# YOU are my friend !!



## youngdon (Mar 10, 2010)

Friendship ~ None of that Sissy Crap

Are you tired of those sissy 'friendship' poems that always sound good, but never actually come close to reality?

Well, here is a series of promises that actually speak of true friendship.

You will see no cute little smiley faces on this ~ Just the stone cold truth of our great friendship.

1.. When you are sad ~ I will help you get drunk and plot revenge against the sorry bastard who made you sad.

2. When you are blue ~ I will try to dislodge whatever is choking you.

3. When you smile ~ I will know you are thinking of something that I would probably want to be involved in.

4. When you are scared ~ I will rag on you about it every chance I get until you're NOT.

5. When you are worried ~ I will tell you horrible stories about how much worse it could be until you quit whining.

6. When you are confused ~ I will try to use only little words.

7. When you are sick ~ Stay the [beeep] away from me until you are well again. I don't want whatever you have.

8. When you fall ~ I will laugh at your clumsy a**, but I'll help you up.

9. This is my oath ~ I pledge it to the end. 'Why?' you may ask ~ because you are my friend.

Friendship is like peeing your pants, everyone can see it, but only you
can feel the true warmth.


----------



## Mattuk (Oct 16, 2010)

Oh thats nice Don, from the heart!


----------



## ReidRH (Feb 1, 2010)

LMAO YD I Love It!! SO I will Validate your Sick Sense of Humor Again!! Words to Live By!! ROTFKUMHLMFHO!!


----------



## youngdon (Mar 10, 2010)

Rollingonthefloorkickingupmyheelslaughingmyfreekinheadoff??


----------



## bar-d (Feb 3, 2010)

Words to live by Don.


----------



## HowlinRed (Feb 3, 2011)

How true. I grew up with a guy and this is darn near how we treat each other to this day. If you are lucky enough to meet a person like this they truly are a friend.


----------



## On a call (Mar 3, 2010)

You must be friends to most of the guys here Don....you do most those things for all of us.


----------



## youngdon (Mar 10, 2010)

On a call said:


> You must be friends to most of the guys here Don....you do most those things for all of us.

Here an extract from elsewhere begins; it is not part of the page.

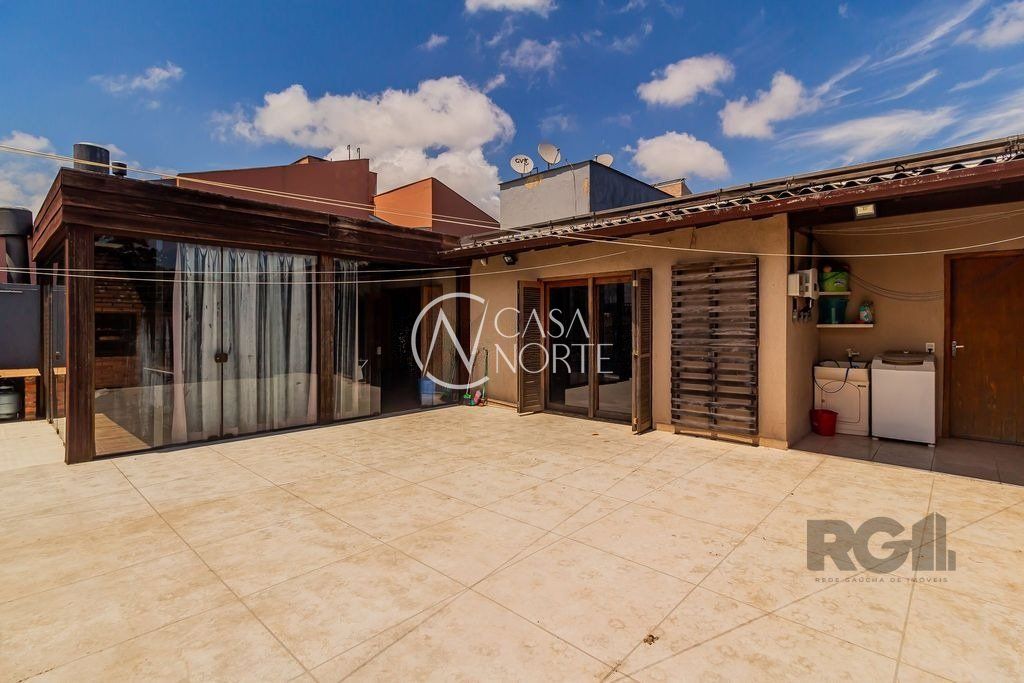 Cobertura à venda com 3 quartos, 251m², 1 suíte, 2 vagas, Travessa Marechal Bormann no bairro Teresópolis em Porto Alegre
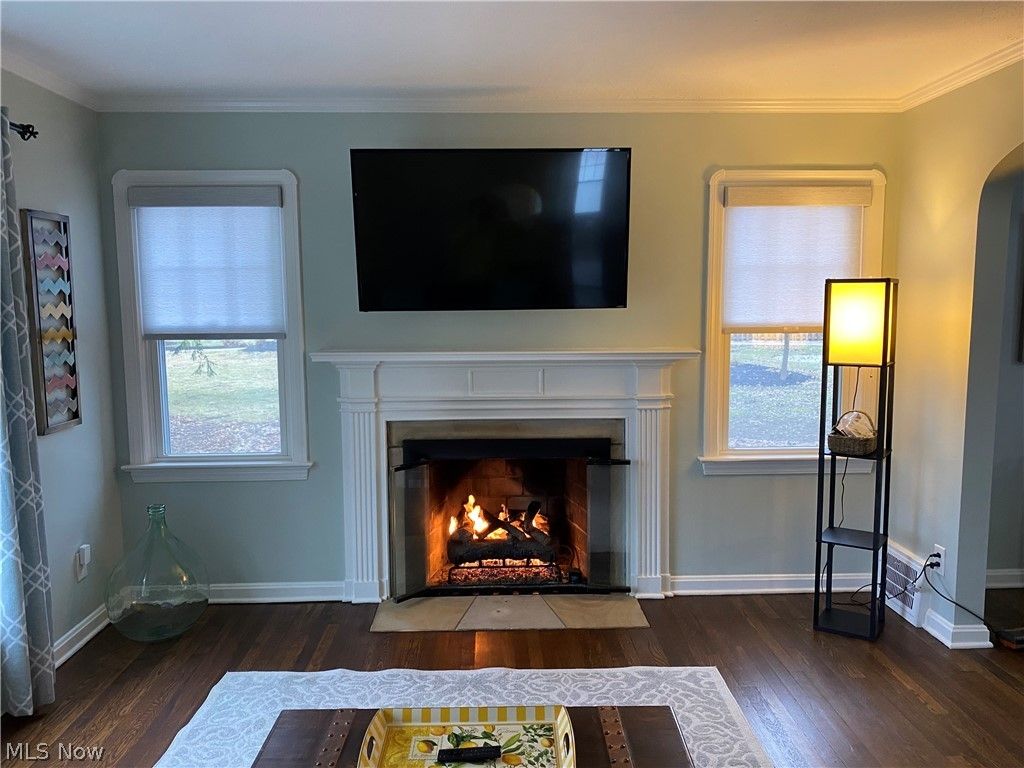 Photo of 1547 Sunview Road, Lyndhurst, OH 44124 (MLS # 5188355)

That makes me feel the warmth Brian.......Oh wait...I just peed my pants.


----------



## On a call (Mar 3, 2010)

youngdon said:


> That makes me feel the warmth Brian.......Oh wait...I just peed my pants.


I call in rule # 7


----------



## youngdon (Mar 10, 2010)

Are you sick??

Physically or mentally?


----------



## On a call (Mar 3, 2010)

I was just thinking if you peed your pants...you can stay away till you get changed


----------